Traditional cardiovascular risk factors were systematically recorded in all patients and included smoking status, history of hypertension defined as blood pressure ≥140/90 mm Hg or treatment with antihypertensive medication, history of dyslipidemia defined as low-density cholesterol levels >3.50 mmol/L or treatment with lipid-lowering medication, and history of diabetes defined as serum fasten blood sugar >6.9 mmol/L or treatment with oral hypoglycemic agents or insulin. The body mass index and the waist circumference were measured in all cases. Fasting blood samples were collected in all patients ≥3 months after the stroke/TIA to avoid any influence of the cerebrovascular event on laboratory tests. The following measurements were systematically performed: glucose, total cholesterol, low-density cholesterol, high-density cholesterol, ratio total cholesterol/high-density cholesterol, triglycerides, lipoprotein a, apolipoprotein B, homocysteine, high-sensitivity C-reactive protein, fibrinogen, and D-dimer. Care was taken to obtain blood samples in the absence of any infectious condition within the previous 10 days. In patients receiving warfarin therapy, this treatment was withdrawn and replaced by antiplatelet treatment with aspirin at least 4 days before blood sampling.
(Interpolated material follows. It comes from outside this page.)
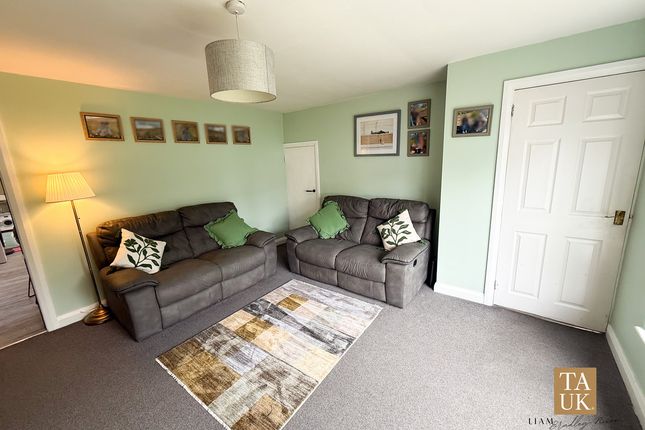 30, Cheviot Close, Rochdale photo 4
Carotid Ultrasound Examination and Measurements
Carotid B-mode ultrasound examination was performed in all patients by 2 experienced sonographers using a Hewlett-Packard ultrasound system equipped with high-resolution transducers and digital acquiring capability. Standardized carotid ultrasound scanning and reading protocols were used.20 A transverse scan followed by a full circumferential longitudinal scan were performed to obtain appropriate images of the near and far wall of 3 predetermined carotid artery segments of both carotid arteries, including the proximal 10 mm of the internal carotid artery, the carotid bifurcation beginning at the tip of the flow divider and extending 10 mm below this point, and the arterial segment extending 10 mm below the bifurcation in the common carotid artery. The images of each study were digitally stored and measured offline by an experienced technician blinded to the clinical data. The maximum CIMT was identified and measured in each of the 6 artery segments of each carotid artery, and the mean of the maximum CIMT measurements of a total of 12 carotid segments was calculated for each patient.

Endothelial Function Testing
Endothelial function was evaluated by means of a brachial test as previously described.21 The tests were performed ≥3 months after the cerebrovascular episode in all patients after an overnight fast, between 7 and 8 AM, after a 15-minute rest in the supine position in a quiet dimly light room. Subjects had to have consumed no caffeine, alcohol, or chocolate and were not to have smoked in the last 12 hours. The patient had to be free of any clinically significant infectious condition within the 10 days before the test.

At each test, a 3-lead electrocardiogram was applied with continuous monitoring. The right brachial artery was imaged longitudinally just above the antebrachial fossa. Images were captured at the same time of the cardiac cycle (peak of R wave) with a high-resolution ultrasound apparatus (Hewlett-Packard 7-MHz linear-array vascular probe coupled to a Hewlett-Packard 5500 ultrasound machine). Still frames were recorded one per 5-second interval with the frames of the first and last 5 seconds of the subsequence discarded. A blood pressure cuff was then inflated on the upper arm to 220 mm Hg for 5 minutes. Immediately after release of the cuff, the brachial artery was continuously imaged, and 1 minute after release of the cuff, a set of 12 images was recorded during the next 90 seconds. Sublingual nitroglycerin of 0.3 mg was administered, and 9 more images were recorded 3 minutes later.

Recorded images were analyzed by an experienced technician blinded to clinical data using dedicated image analysis software (Dynamic Endothelial Assessment V2.0; Vasometrix). The mean calibrated diameter of the artery segment was calculated from an average of 120 computerized diameter measurements per digitalized frame. The average of all frames of each subsequence was then computed. The percent changes in arterial caliber after FMV and after nitroglycerin-mediated vasodilation from their respective basal states were determined. FMV was used as an index of endothelium-dependent dilation and nitroglycerin-mediated vasodilation as an index of endothelium-independent dilation.

Control Group
A control group of 50 subjects matched with the study population for age and sex underwent the same examinations under the same conditions as patients with cryptogenic stroke/TIA, including blood sample measurements, CIMT, and endothelial function testing. The control group consisted of volunteers with no history of cardiac or cerebrovascular event.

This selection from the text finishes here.